Making Ourselves Do Things We Don’t Want To Do

I was always taught that self-discipline was a matter of will. I’m not so sure that’s completely right anymore.

It’s 1:30 am on Friday night/Saturday morning. I have a long to-do list this weekend. Heck, I had a long to-do list last week for that matter, and all those boxes sure aren’t checked. You know what I’m talking about. You’ve got that list too. I know what I’m supposed to do. The problem is this: I just don’t wanna.

My “don’t wanna” list is full of duties that wear me down and burden me. Do you feel that way? Many of us identify with Cicero, Maximus’ servant in Gladiator. When asked if he ever finds it hard to do his duty, he responds: “Sometimes I do what I want to do. The rest of the time, I do what I have to.”

Do you feel enslaved to the “I don’t wannas?” Do you feel like the city walls of your life have been stormed and taken hostage by an ever-increasing list of duties and responsibilities? The “sometimes” seem so few, and the “rest of the times” seem so many.

The “don’t wannas” are easy enough for each of us to see in our lives. Wash the car. Do the dishes. Take out the trash. Be nice to my wife even though I’ve had a bad day, week, or decade. Exercise. Tithe. Read the bible. Work. Play with the kids.

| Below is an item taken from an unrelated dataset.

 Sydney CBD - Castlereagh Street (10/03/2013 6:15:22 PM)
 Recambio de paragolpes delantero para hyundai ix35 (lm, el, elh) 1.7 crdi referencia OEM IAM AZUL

I don’t think the solution is “suck it up.” That’s basically what most of us were taught. “Life stinks. It’s mundane. Quit whining and do what you’ve got to do. Nobody likes it, but this is just the way life is.”

I say hogwash.

My God didn’t create me to be mundane or insignificant. He didn’t create me to pursue life-less, joy-less duty. Many moments in life feel tedious and pointless. But they’re not. The Apostle Paul says this: “So whether you eat or drink or whatever you do, do it all for the glory of God.” ~ 1 Corinthians 10:31

God’s solution isn’t at its core, “suck it up.” It’s “believe that I have a plan.” “Have faith that I have a purpose for your life, one that is glorious and significant.” All of our moments can be used to glorify God. Don’t waste them.

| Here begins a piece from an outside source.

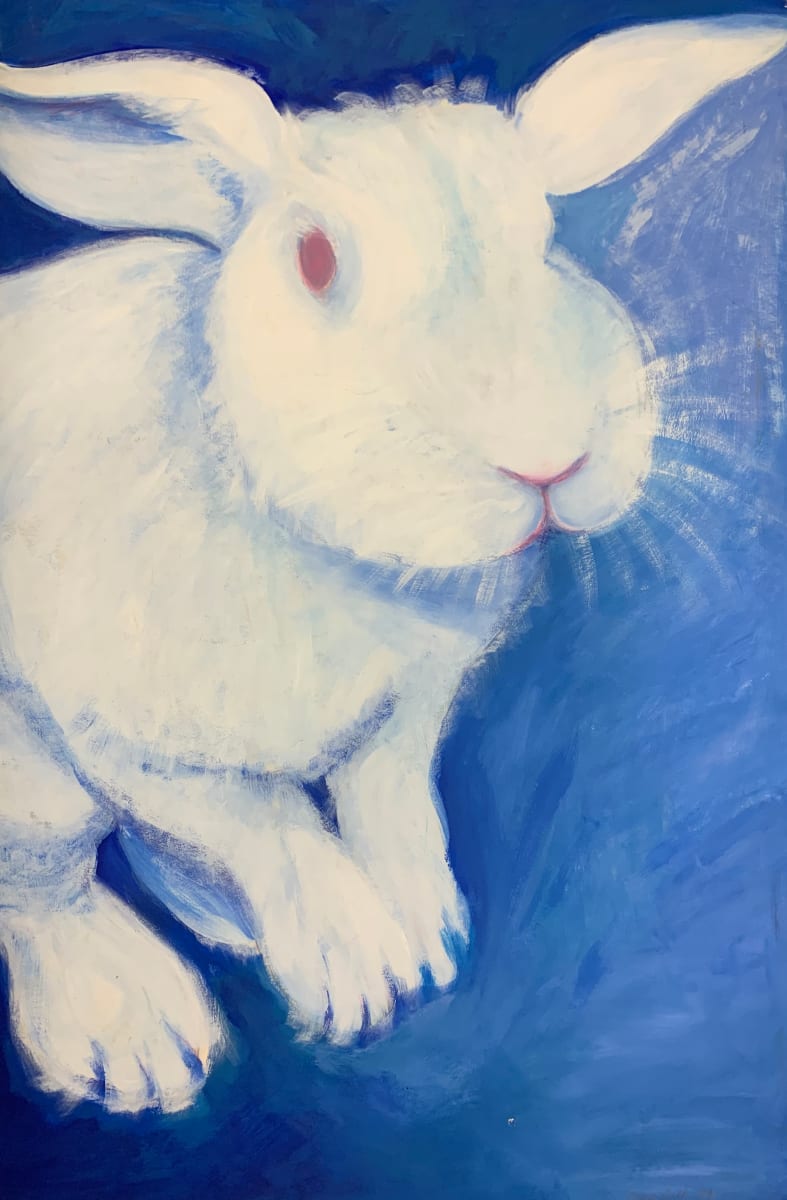 Blue Bunny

But does that mean that we’ll never run into something we don’t want to do? Of course not.

The issue, once again, is faith. We have faith that our discipline at the gym will pay dividends months or years down the road. We don’t see results tomorrow or the next day. Likewise, when we discipline ourselves to read God’s Word daily, we are putting our trust in a promise that God will do something in our hearts, that he is changing us. When we are disciplined with our money, being generous givers, we are trusting that God’s plan for our finances is better than our own.

Self-control and self-discipline are vital to the Christian life. The Apostle Paul is a great example for us in that way: “But I discipline my body and keep it under control…(1 Corinthians 9:27)” But discipline does not come from my will and strength alone. It comes from trusting in what God has for me, in having faith that his will and plan are best.